Experience. Time. Observations.

Experience. Time. Observations. {Trumps “knowledge.”)

When you are (or were) in your 20’s (especially today), you think (or thought) you know (or knew) a lot. And while there is nothing wrong with being confident – it probably pays a lot to understand that you won’t EVER have the real wisdom until you’ve lived life a lot more. Hence my title: Experience. Time. Observations – and why it trumps the “knowledge” young people think they have these days.

40 years ago – it is probably safe to say that “kids” were not as “smart.” At least when it comes to most (ultimately) insignificant “facts.”

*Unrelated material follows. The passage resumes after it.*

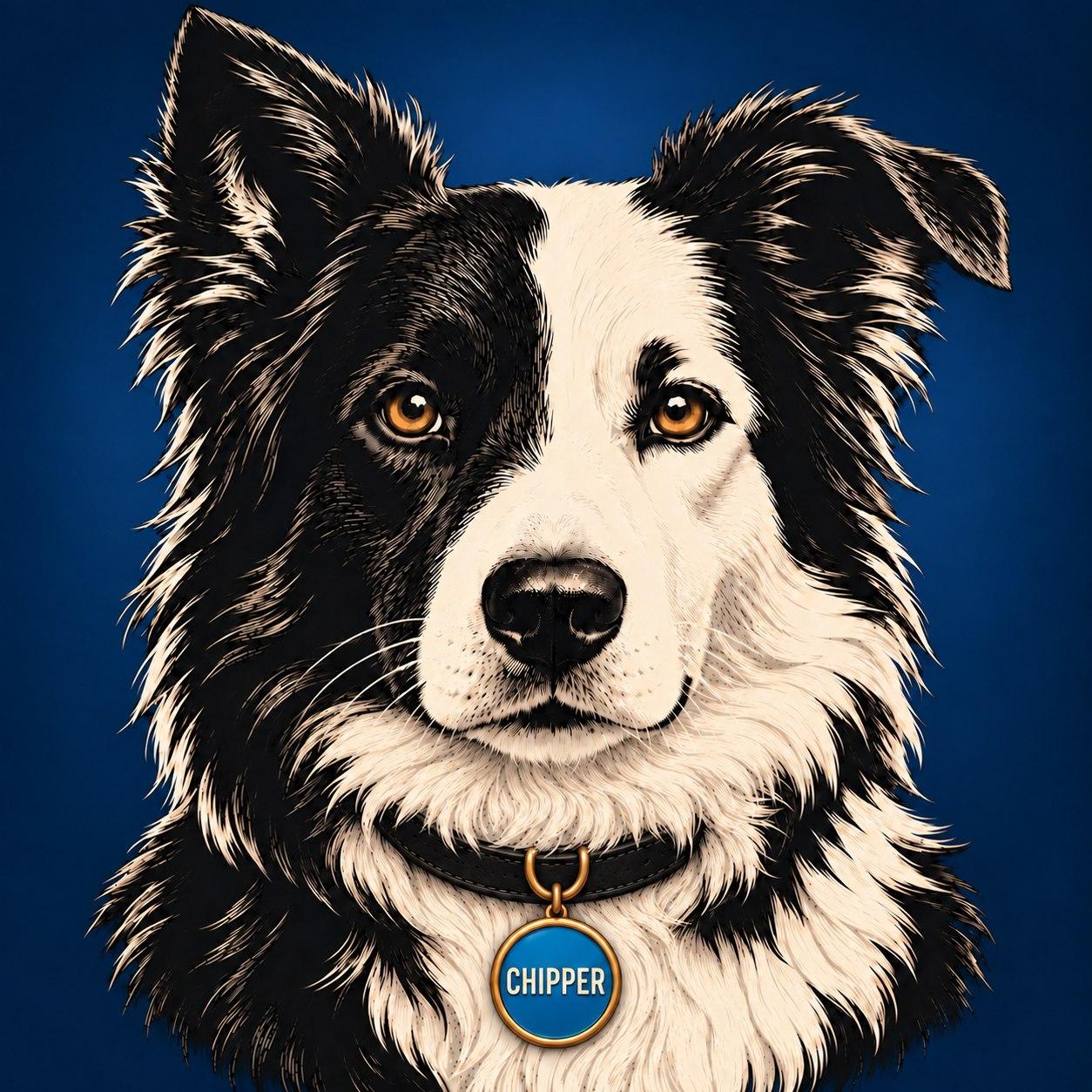 Chipper, a black and white Border Collie with amber eyes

Sure, most youngun’s probably had more specialties (i.e., whatever mom or dad suggested should be their life path). Or spent more time focusing (more) on less stuff. Learning things. Fantasizing about their future. Significant hobbies, more time alone (i.e., instead of “chatting” with acquaintances about meaningless crap…)

Today – most internet users “Googgel” stuff to gain knowledge. They quickly accumulate (what they believe are) facts. Most of it may be true. Like many “how to” tips prevalent online, and other scientific or mathematical processes.

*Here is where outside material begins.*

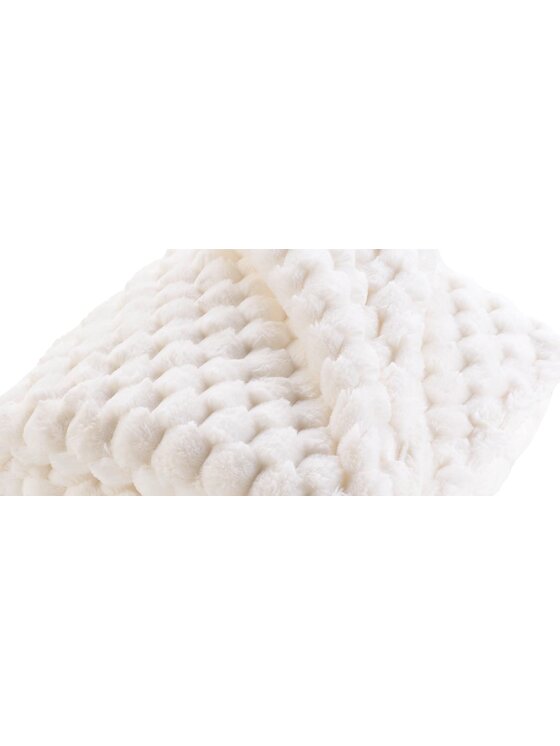MIAhome MIAhome Koc pikowany z pluszowego materiału, Frosty, 180x220 cm Écru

They learn via others, with very little real experience, or “personal trial and error,” which we’ve delved upon in the past. It’s harmless on the surface – I guess – but we feel it’s problematic long term.

Same can be said for political or societal issues. “TPTB” has been brilliantly coercing the majority of the population via hundreds of different methods. Mainstream news, entertainment, and so on – to the point where no one can even identify what it means, where it originated, or why this is the way it is. No one cares. They’re just “occupied.”

Simple comparisons like this recent internet meme should open some eyes:

sears old navy ad - Experience. Time. Observations.

But something happens with “age.”

I’ve had conversations with “pompous” millennials. And it’s a bit cringe-worthy. The cocky nature of viewing an internet search result is fascinating. “They saw it” somewhere – and that is truth enough for them.

But as you get older (and accumulate very valuable time truly observing the world) something happens.

Some might call it cynicism, others might call it “cautiousness.”

As the layers begin to peel away (provided you’re not still stuck under the spell of “mainstream” anything), you start to see how the world works better.

You might begin to apply the “Cui Bono?” mentality to everything – no matter what glitzy covering is trying to deceive you.

By asking “Well, who benefits from this (insert name here) thing?”

Adopting the “draw the dotted lines” mentality is a good habit to form. To second guess almost everything – regardless of how noble it may sound at first glance.

That is one thing a majority of the millennials (and beyond) cannot do. It’s fundamental. Sure, like any generation – there are exceptions – but far and few between.

experience time observations - Experience. Time. Observations.